**Supplied entries**
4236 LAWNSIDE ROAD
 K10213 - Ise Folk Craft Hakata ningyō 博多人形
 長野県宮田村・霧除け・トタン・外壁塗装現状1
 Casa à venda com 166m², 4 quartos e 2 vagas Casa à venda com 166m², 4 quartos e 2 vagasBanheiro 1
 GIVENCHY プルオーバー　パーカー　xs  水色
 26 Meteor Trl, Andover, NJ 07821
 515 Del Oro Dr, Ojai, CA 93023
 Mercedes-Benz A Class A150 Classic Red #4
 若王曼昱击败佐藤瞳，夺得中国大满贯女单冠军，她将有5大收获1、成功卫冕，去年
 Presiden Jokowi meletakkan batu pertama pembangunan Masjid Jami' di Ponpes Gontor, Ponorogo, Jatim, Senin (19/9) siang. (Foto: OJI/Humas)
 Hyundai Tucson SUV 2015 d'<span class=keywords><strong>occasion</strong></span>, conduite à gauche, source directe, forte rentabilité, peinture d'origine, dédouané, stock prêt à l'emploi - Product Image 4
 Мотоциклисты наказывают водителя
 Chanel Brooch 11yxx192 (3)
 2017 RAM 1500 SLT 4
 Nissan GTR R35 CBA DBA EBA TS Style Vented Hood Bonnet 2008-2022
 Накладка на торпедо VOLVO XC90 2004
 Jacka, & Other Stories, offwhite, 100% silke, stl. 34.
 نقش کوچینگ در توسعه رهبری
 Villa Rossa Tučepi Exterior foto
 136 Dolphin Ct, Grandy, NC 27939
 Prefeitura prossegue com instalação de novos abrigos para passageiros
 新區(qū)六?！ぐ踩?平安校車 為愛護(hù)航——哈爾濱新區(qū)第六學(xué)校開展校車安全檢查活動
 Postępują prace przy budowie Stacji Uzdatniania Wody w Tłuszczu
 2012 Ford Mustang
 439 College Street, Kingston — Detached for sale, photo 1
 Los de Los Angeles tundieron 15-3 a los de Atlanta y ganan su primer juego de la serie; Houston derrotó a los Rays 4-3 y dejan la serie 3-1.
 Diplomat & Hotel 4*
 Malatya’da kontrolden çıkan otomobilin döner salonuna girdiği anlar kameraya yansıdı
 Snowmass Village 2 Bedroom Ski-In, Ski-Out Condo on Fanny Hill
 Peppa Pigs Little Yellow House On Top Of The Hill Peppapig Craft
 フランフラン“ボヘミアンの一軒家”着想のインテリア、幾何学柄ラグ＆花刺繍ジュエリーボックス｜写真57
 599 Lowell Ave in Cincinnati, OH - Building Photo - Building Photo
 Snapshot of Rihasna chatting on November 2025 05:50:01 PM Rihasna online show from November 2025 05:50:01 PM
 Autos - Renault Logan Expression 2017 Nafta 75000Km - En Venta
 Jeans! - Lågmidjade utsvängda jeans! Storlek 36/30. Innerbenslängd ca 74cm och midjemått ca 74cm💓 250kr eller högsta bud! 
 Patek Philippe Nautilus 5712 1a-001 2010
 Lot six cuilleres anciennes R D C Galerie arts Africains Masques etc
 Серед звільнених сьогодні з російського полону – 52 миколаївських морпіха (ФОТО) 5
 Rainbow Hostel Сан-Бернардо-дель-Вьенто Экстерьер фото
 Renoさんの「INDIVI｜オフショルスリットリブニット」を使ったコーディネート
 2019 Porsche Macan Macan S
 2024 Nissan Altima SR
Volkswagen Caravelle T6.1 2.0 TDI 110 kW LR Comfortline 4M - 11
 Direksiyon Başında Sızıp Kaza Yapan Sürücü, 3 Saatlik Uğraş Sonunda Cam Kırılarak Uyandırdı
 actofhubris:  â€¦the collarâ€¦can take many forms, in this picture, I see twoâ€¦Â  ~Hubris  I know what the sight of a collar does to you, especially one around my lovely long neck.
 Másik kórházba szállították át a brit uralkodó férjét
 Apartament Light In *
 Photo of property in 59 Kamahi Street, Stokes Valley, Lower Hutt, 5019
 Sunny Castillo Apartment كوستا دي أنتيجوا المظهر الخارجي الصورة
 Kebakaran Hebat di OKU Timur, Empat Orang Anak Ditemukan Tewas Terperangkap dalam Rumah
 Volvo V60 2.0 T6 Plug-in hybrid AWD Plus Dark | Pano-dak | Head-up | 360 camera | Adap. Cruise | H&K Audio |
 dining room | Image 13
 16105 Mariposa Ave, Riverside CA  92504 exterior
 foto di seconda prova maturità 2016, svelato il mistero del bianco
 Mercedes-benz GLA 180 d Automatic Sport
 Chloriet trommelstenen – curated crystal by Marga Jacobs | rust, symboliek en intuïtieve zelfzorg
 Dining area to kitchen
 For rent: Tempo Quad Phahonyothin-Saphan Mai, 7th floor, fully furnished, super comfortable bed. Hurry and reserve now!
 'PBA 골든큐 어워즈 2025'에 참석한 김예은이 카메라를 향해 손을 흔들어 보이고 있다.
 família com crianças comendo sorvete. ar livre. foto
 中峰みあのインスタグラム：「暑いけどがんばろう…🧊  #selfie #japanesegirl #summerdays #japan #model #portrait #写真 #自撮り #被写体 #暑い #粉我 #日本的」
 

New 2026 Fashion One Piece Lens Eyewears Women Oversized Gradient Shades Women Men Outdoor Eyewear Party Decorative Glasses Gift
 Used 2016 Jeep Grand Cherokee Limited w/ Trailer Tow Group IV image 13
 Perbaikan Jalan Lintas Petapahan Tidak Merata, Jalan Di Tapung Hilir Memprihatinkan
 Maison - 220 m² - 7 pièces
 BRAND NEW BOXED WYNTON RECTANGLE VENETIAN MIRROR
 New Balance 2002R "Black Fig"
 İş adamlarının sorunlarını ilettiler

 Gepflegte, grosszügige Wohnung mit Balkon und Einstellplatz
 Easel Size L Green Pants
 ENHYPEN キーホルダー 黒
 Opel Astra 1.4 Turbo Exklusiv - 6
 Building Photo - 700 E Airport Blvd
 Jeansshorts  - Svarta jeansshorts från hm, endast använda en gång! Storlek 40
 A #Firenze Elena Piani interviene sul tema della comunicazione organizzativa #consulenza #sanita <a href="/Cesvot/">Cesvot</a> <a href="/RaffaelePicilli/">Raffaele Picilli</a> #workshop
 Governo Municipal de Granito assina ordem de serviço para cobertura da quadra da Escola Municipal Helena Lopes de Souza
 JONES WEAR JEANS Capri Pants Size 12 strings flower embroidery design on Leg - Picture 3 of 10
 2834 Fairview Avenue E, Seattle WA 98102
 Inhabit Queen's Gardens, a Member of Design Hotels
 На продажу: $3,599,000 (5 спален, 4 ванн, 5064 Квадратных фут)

**Task**
Write out exactly the lines that fall from the line with "نقش کوچینگ در توسعه رهبری" to the line with "Postępują prace przy" in the records above, keeping both ends.

**Exercise result**
 نقش کوچینگ در توسعه رهبری
 Villa Rossa Tučepi Exterior foto
 136 Dolphin Ct, Grandy, NC 27939
 Prefeitura prossegue com instalação de novos abrigos para passageiros
 新區(qū)六?！ぐ踩?平安校車 為愛護(hù)航——哈爾濱新區(qū)第六學(xué)校開展校車安全檢查活動
 Postępują prace przy budowie Stacji Uzdatniania Wody w Tłuszczu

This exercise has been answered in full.